Genève est dotée depuis peu d’une loi sur la laïcité de l’Etat, soumise au référendum et validée par le peuple (à 55%). Elle a fait l’objet de plusieurs recours au Tribunal cantonal de Genève, qui a annulé une disposition interdisant aux agents de l’Etat de signaler leur appartenance religieuse par des propos ou autres signes extérieurs. Puis au Tribunal fédéral, qui a annulé une autre disposition prévoyant que soumettre à autorisation des manifestations cultuelles dans le domaine public devait être l’exception et non la règle.

Suite à ce laborieux processus législatif, la loi nouvelle et corrigée fut mise en application. En résultèrent l’interdiction des baptêmes lacustres, mais également, quatre jours avant la date, des processions de la Fête-Dieu en 2022. Voici quelques extraits de l’argumentation du Département de la sécurité, de la population, et de la santé:

« [L]a procession consistant en l’exposition du sang et du corps du Christ, même de manière symbolique, se caractérisait par un caractère ouvertement ostentatoire portant atteinte de manière particulièrement grave à la liberté et aux droits d’autrui (manque un élément de coordination) à la neutralité cultuelle du domaine public.
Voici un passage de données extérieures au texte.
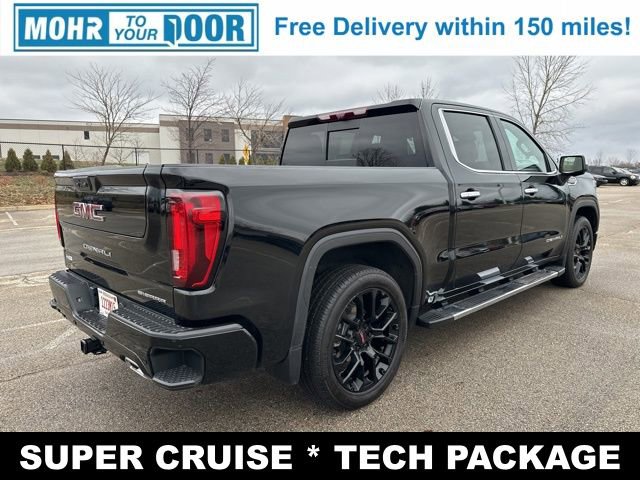 Used 2023 GMC Sierra 1500 Denali w/ Technology Package image 5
La procession était destinée à confronter autrui à un culte sans considération pour sa liberté et son droit à une conviction religieuse autre ou une absence de conviction. […] Le sentiment religieux ou de l’intimité de la croyance des tiers était d’autant plus à protéger dans le cas d’espèce que les processions présentaient une violence symbolique particulièrement ostentatoire et agressive. La manifestation cultuelle, qui ne véhiculait pas d’information à autrui, n’avait pas besoin de l’espace public et ne bénéficiait pas de la protection constitutionnelle en l’absence d’une nécessité particulière. […] La procession était un rite particulier qui consistait en une manifestation ostentatoire d’un homme qui, par sa théâtralisation, se donnait en spectacle, lequel ne pouvait être perçu par autrui que comme une démonstration sans nécessité et de force agressive.»
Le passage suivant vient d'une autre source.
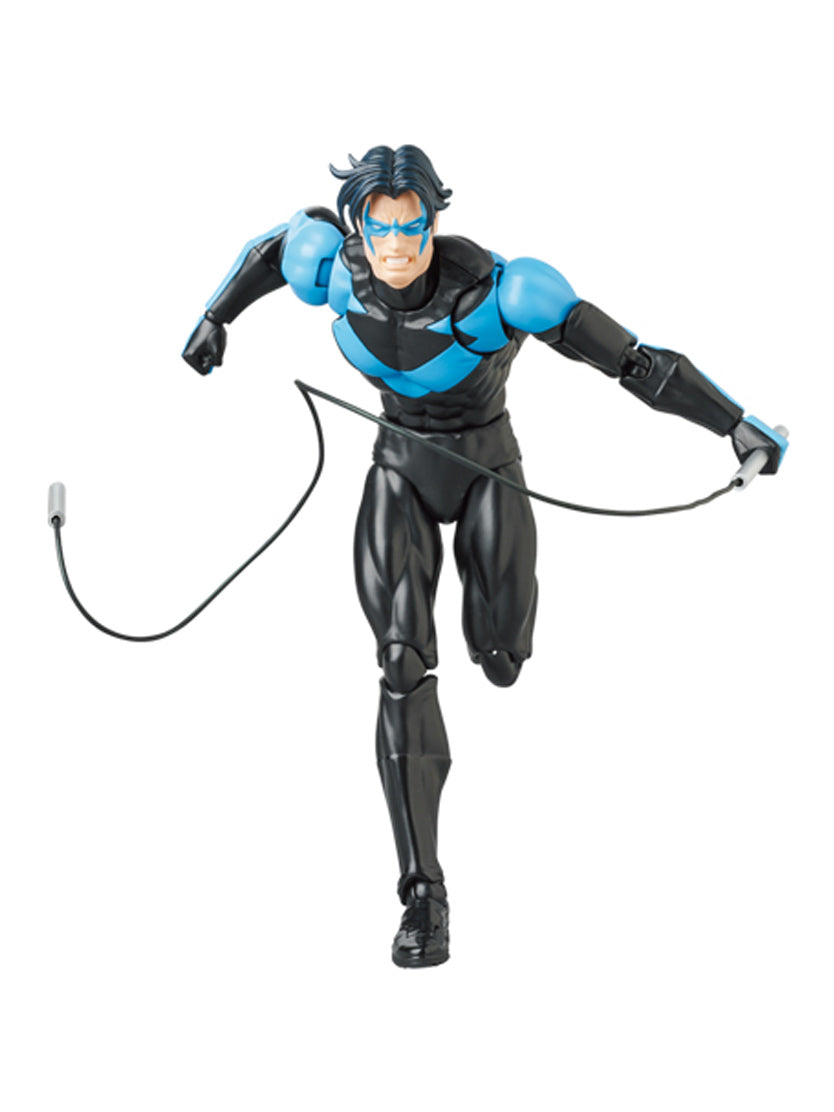 Mafex No. 175 Nightwing (Batman: Hush Version)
Cette argumentation, qui vise à l’accomplissement de la neutralité religieuse par l’interdiction de toute existence visible de la religion, est contraire à la fois à la laïcité «ouverte» voulue par la Constitution genevoise et à la protection accordée à la liberté de croyance par la même Constitution, ainsi que par la Constitution fédérale et diverses conventions internationales. Le Tribunal cantonal l’a fort heureusement désavouée et a annulé la décision du Département (pour l’une des processions seulement).

Il est toutefois étrange et regrettable que l’arrêt ne mentionne pas une seule fois la garantie de la liberté de croyance offerte par la Constitution genevoise et que toute la réflexion soit construite sur le droit fédéral et international. Il est plus regrettable encore que le Conseil d’Etat ait cru bon de recourir au Tribunal fédéral contre cette décision, selon lui une «atteinte qualifiée à la puissance publique du Canton». Ce recours a été déclaré irrecevable le mois dernier, avec raison: il n’appartient pas au Tribunal fédéral de régler les querelles entre les différents pouvoirs au sein d’un Canton. Voir tant l’exécutif que le judiciaire ignorer les outils propres à leur république et se tourner immédiatement vers le droit et les institutions fédérales à la recherche de solutions devrait inquiéter sérieusement nos voisins.